LAUSR

Diabetic populations are more prone to developing wound infections which results in poor and delayed wound healing. Infection with drug resistant organisms further worsen the situation, driving searches for alternative treatment approaches such as phage therapy. Major drawback of phage therapy, however, is low phage persistence in situ, suggesting further refinement of the approach. In the present work we address this issue by employing liposomes as delivery vehicles. A liposome entrapped phage cocktail was evaluated for its ability to resolve a Staphylococcus aureus-induced diabetic excission wound infection. Two characterized S. aureus specific lytic phages, MR-5 and MR-10 alone, in combination (cocktail), or entrapped in liposomes (versus as free phages) were assesed for their therapeutic efficacy in resolving diabetic wound infection.
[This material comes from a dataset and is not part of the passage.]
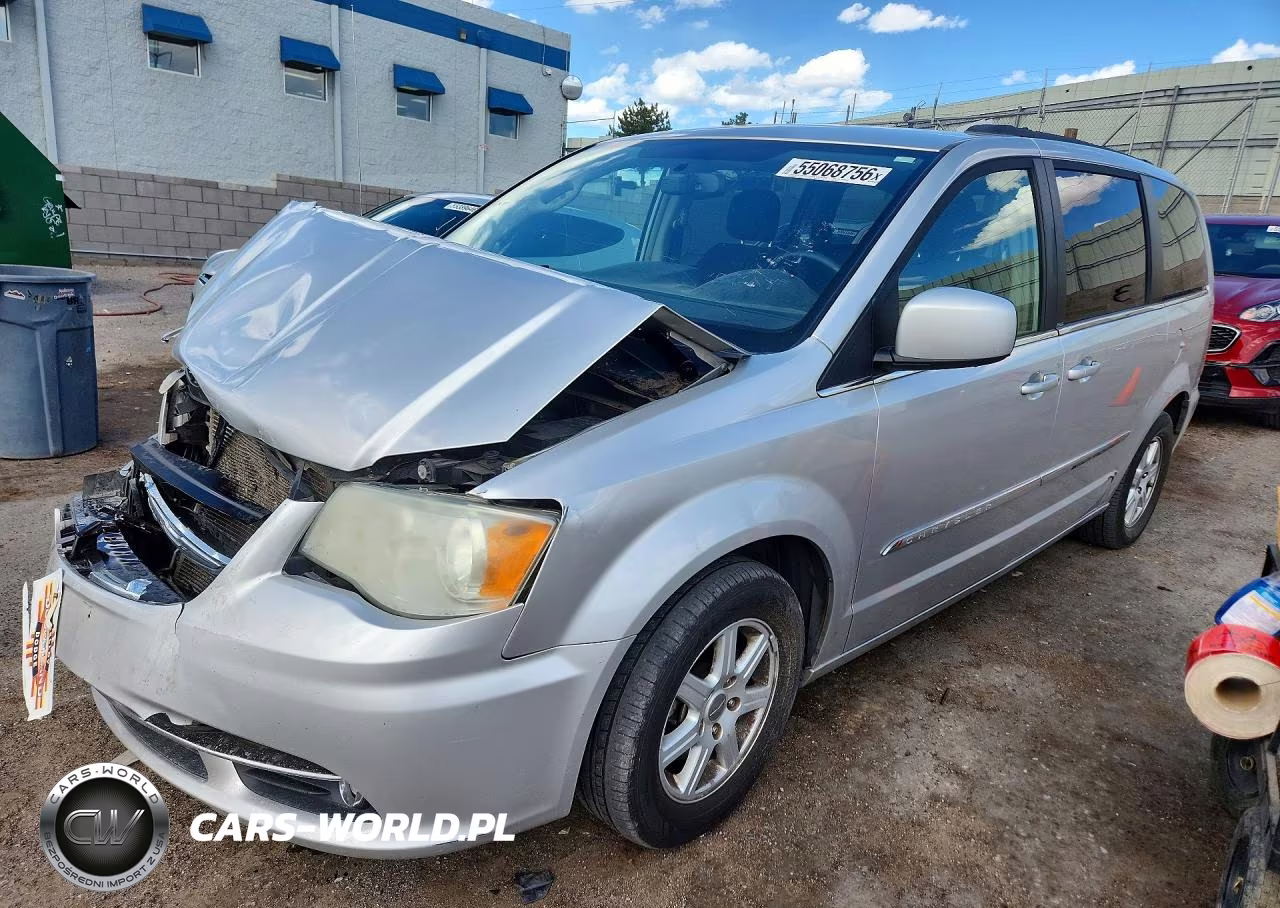 2011 Chrysler Town & Country Touring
Mice treated with free phage cocktail showed significant reduction in wound bioburden, greater wound contraction and faster tissue healing than with free monophage therapy. However, to further enhance the availability of viable phages the encapsulation of phage cocktail in the liposomes was done. Results of in vitro stability studies and in vivo phage titer determination, suggests that liposomal entrapment of phage cocktail can lead to better phage persistence at the wound site. A 2 log increase in phage titre, however, was observed at the wound site with liposome entrapped as compared to the free phage cocktail, and this was associaed with increased rates of infection resolution and wound healing. Entrapment of phage cocktails within liposomes thus could represent an attractive approach for treatment of bacterial infections, not responding to antibiotis as increased phage persistence in vitro and in vivo at the wound site was observed.